• ACTIVITY: Set down the full listing below word for word; pictures stay out of the copy.

• AVAILABLE DATA:
────────────────────
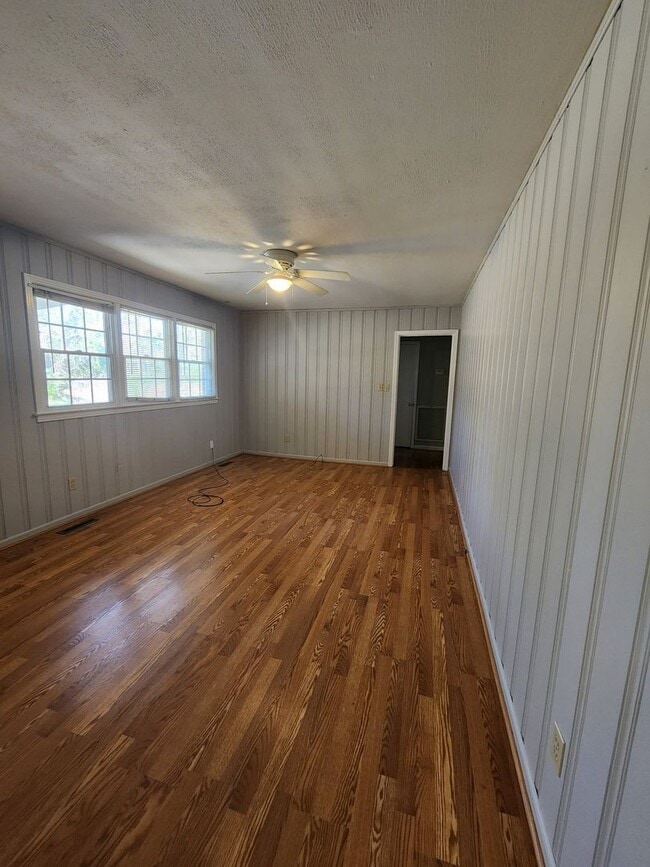 Photo - Spacious 3-Bedroom Brick Home with Two Living Areas & Fenced Backyard!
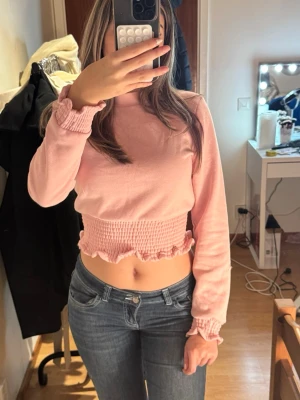 Rosa croppad långärmad topp - Supersöt ljusrosa croppad topp med lång ärm. Toppen har smockad midja och ärmslut med volangdetaljer. Helt ny!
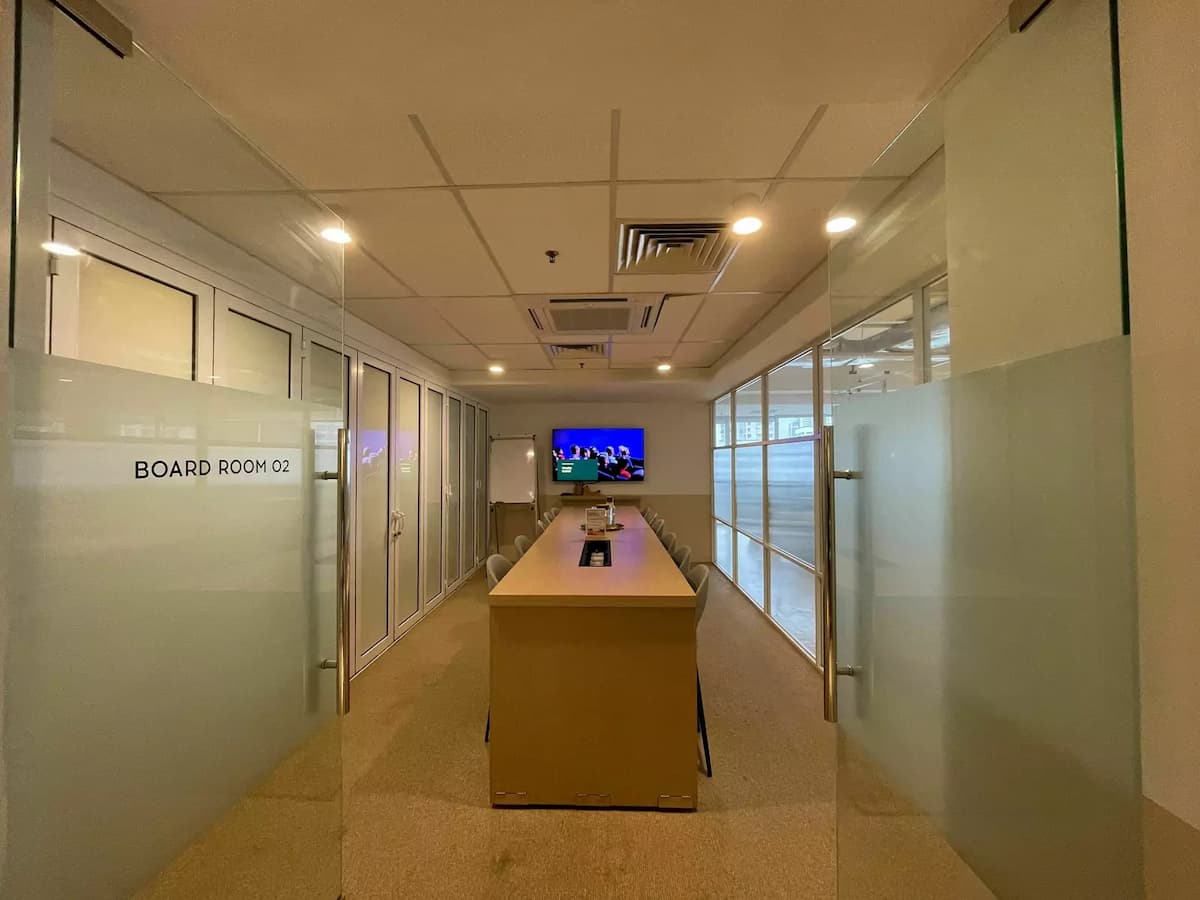 board room with long wooden table and TV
────────────────────
• SOLUTION FOR THIS EXERCISE:
 Photo - Spacious 3-Bedroom Brick Home with Two Living Areas & Fenced Backyard!
 Rosa croppad långärmad topp - Supersöt ljusrosa croppad topp med lång ärm. Toppen har smockad midja och ärmslut med volangdetaljer. Helt ny!
 board room with long wooden table and TV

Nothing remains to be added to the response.